Alignments to Content Standards: 7.SP.A

Task

The table below gives the areas (in thousands of square miles) for each of the “lower 48” states. This serves as the population for this study. Your task involves taking small samples from this population and using the sample mean to estimate the mean area for the population of states by following the steps indicated below.

Your challenge is to discover some important properties of random samples, properties that illustrate why random sampling is the key to getting good statistical information about a population. In this task, unlike “real life” situations, you will have all of the population data at hand, and will use it to see how random sampling works. Your classmates will have the same task, and you will be combining your data with theirs. In the first part of the task, you will select a sample of states by a method of your choice. For the second part you will follow a specified procedure.

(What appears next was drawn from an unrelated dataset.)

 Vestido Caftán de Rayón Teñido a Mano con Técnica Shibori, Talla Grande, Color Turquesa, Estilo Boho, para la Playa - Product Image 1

Procedure #1: Choose your own sample

By any quick method you like, select 5 states that you think represent the 48 (perhaps by tossing 5 grains of sand on a map of the states and selecting the states on which they fall; shutting your eyes and pointing your finger at a spot on the map, repeating the process until 5 states are selected; systematically selecting a state from the northeast, the south, the mid-west, all east of the Mississippi, and two states from west of the Mississippi).
Find the areas of these 5 states and calculate the mean for your sample.
As a class, construct a dot plot of the sample means.

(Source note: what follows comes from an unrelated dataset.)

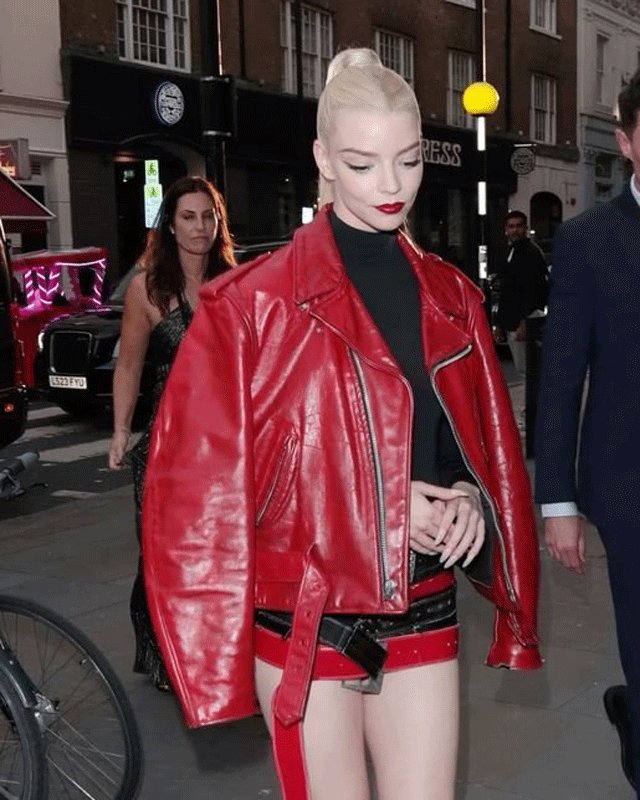 Anya Taylor-Joy Red Leather Jacket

Procedure #2: Use random sampling

Number the 48 states from 1 to 48. Then use a random number table or a random number generator to obtain 5 random numbers between 1 and 48, and then find the states corresponding to these numbers.
Find the areas of these 5 states and calculate the mean for your random sample.
As a class, construct a dot plot of the sample means from the random samples.
Compare the plots produced in steps c and f. Where are the centers? Which has greater spread?
Repeat steps a - f for random samples of size 10 and compare the plots. What differences, if any, do you see in the plots? What feature or features appear to stay the same?
Find the actual mean state area using the data from all the states. Summarize at least two important points concerning the value of random sampling.

State	Area
Texas	269
California	164
Montana	147
New Mexico	122
Arizona	114
Nevada	111
Colorado	104
Oregon	98
Wyoming	98
Michigan	97
Minnesota	87
Utah	85
Idaho	84
Kansas	82
Nebraska	77
South Dakota	77
Washington	71
North Dakota	71
Oklahoma	70
Missouri	70
Florida	66
Wisconsin	65
Georgia	59
Illinois	58
Iowa	56
New York	55
North Carolina	54
Arkansas	53
Alabama	52
Louisiana	52
Mississippi	48
Pennsylvania	46
Ohio	45
Virginia	43
Tennessee	42
Kentucky	40
Indiana	36
Maine	35
South Carolina	32
West Virginia	24
Maryland	12
Massachusetts	11
Vermont	10
New Hampshire	9
New Jersey	9
Connecticut	6
Delaware	2
Rhode Island	2

IM Commentary

The task is designed to show that random samples produce distributions of sample means that center at the population mean, and that the variation in the sample means will decrease noticeably as the sample size increases. Random sampling (like mixing names in a hat and drawing out a sample) is not a new idea to most students, although the terminology is likely to be new. Most students readily grasp this as a “fair” way to select the sample because each item in the population gets an equal chance of being selected. Standard 1 uses the term “representative,” which has no technical definition in statistics but might now be interpreted as “unbiased” in the sense that the distribution of sample means centers right where you want it toat the population mean.

Solution

The plots displayed below show the areas of the population of 48 states, followed by three sets of 25 sample means each collected, first, through a process similar to the sand throwing idea given above, second, by random samples of size 5 and, third, by random samples of size 10. The population mean is 65 and the three means of the distributions of sample means are 97.5, 63.4 and 64.1, respectively. The two random samples center at the population mean, but the “sand” sample means do not. They are “biased” by the fact that a grain of sand has a greater chance of landing on a large state than on a small one.

The “sand” sample means also have larger variation than either or the random sampling methods. The random sampling means for samples of size 5 have much less variability than the population; the random sampling means for samples of size 10 have, in turn, less variability than do those for samples of size 5. (In fact, the variability of sample means scales down by a factor of $\frac{1}{\sqrt{n}}$, where n denotes the sample size. Samples of size 5 have less than half the variability of the population and samples of size 10 have less than a third of the variability of the population.)

In summary, random sampling produces sample means whose distributions center at the population mean and have variation that decreases as the sample size increases.